# To do
Lines from the line with "Invitation Voûte de" to the line with "Annalee Green Wing" in the entries below, and only those, must be output exactly, with both ends included.

# Information provided
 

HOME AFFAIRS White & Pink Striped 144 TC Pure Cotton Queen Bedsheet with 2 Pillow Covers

* * *

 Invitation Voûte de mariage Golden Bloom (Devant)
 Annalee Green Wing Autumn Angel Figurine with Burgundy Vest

# Reply
 Invitation Voûte de mariage Golden Bloom (Devant)
 Annalee Green Wing Autumn Angel Figurine with Burgundy Vest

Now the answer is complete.